*** Opening STORED DATA ***
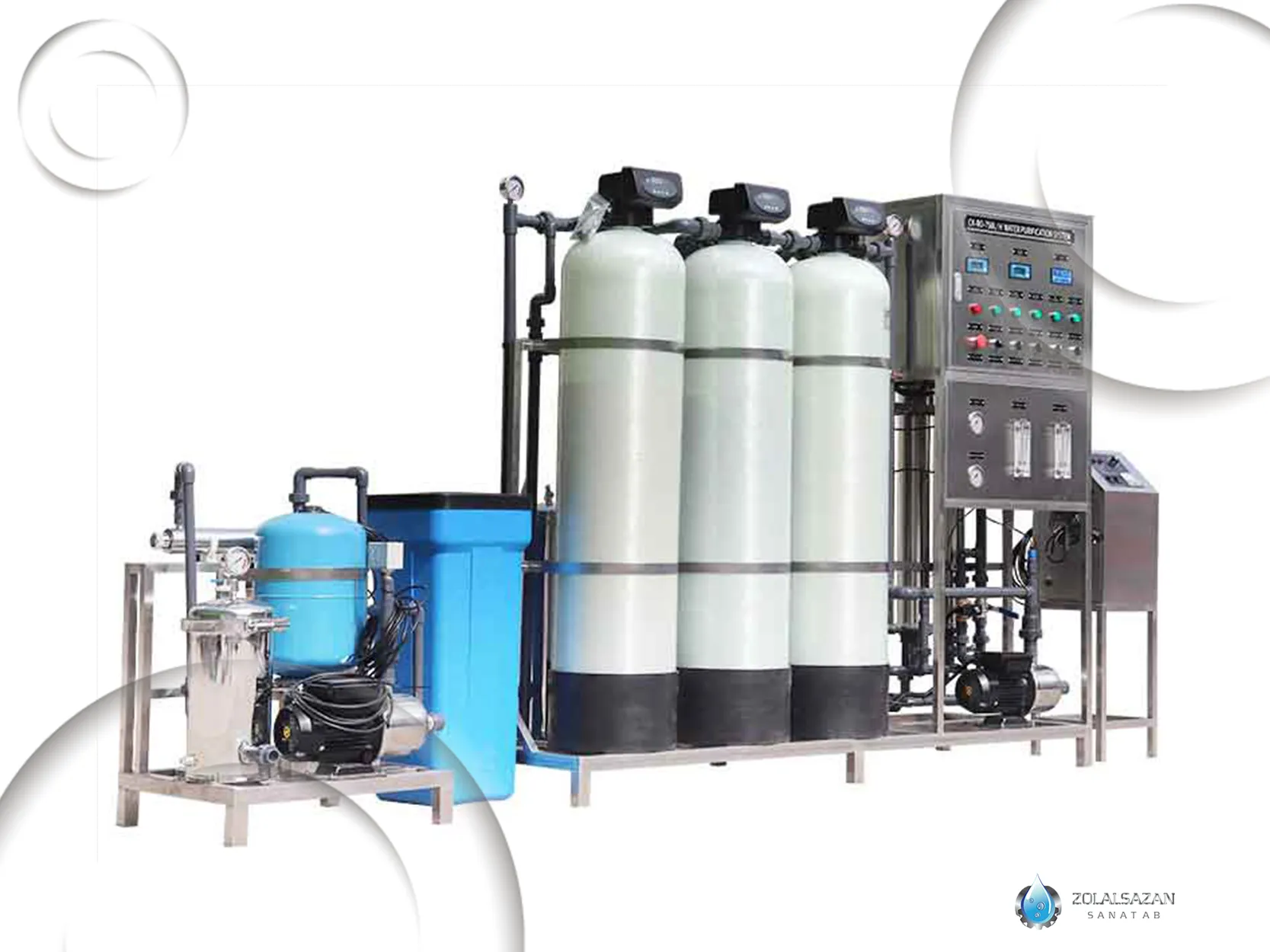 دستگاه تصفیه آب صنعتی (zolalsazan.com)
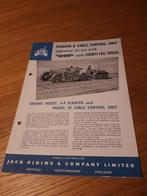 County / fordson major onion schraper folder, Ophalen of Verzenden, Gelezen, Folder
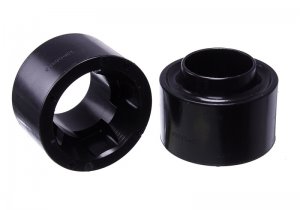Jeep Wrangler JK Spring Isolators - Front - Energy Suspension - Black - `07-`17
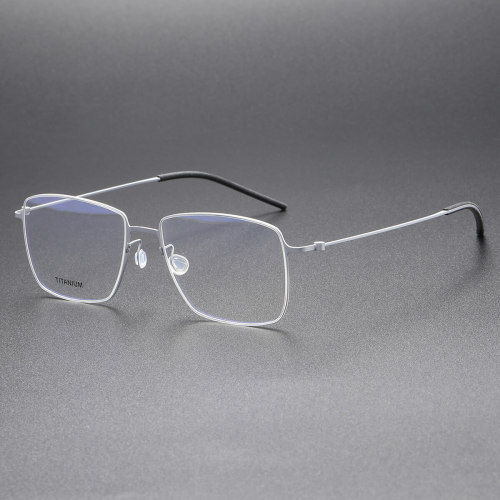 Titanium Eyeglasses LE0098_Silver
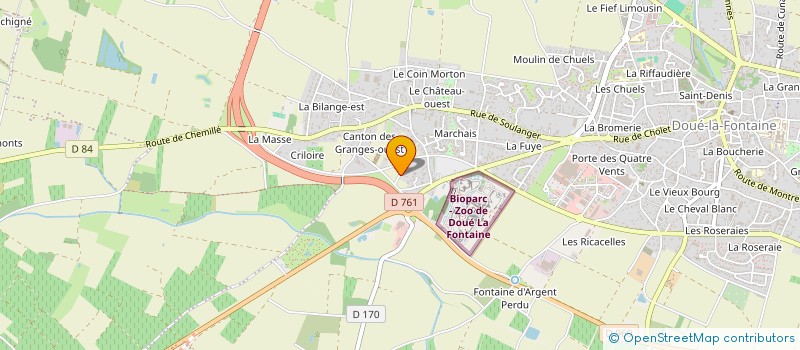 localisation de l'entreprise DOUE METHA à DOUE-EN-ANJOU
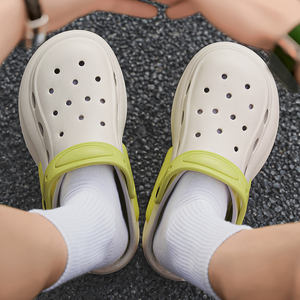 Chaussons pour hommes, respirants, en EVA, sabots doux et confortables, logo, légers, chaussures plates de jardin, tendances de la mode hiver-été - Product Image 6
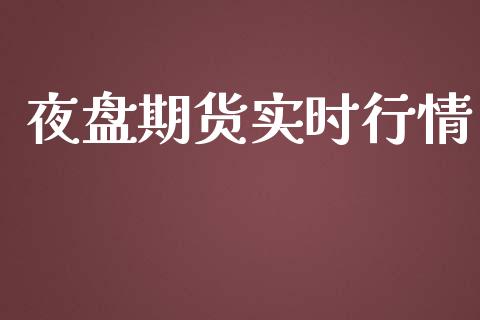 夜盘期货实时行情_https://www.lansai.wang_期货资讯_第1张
*** Closing STORED DATA ***
EXERCISE:
Reproduce verbatim the lines of the material above, beginning with its first line and ending with the line that contains "localisation de l'entreprise"; skip pictures.

ANSWER BOX:
 دستگاه تصفیه آب صنعتی (zolalsazan.com)
 County / fordson major onion schraper folder, Ophalen of Verzenden, Gelezen, Folder
Jeep Wrangler JK Spring Isolators - Front - Energy Suspension - Black - `07-`17
 Titanium Eyeglasses LE0098_Silver
 localisation de l'entreprise DOUE METHA à DOUE-EN-ANJOU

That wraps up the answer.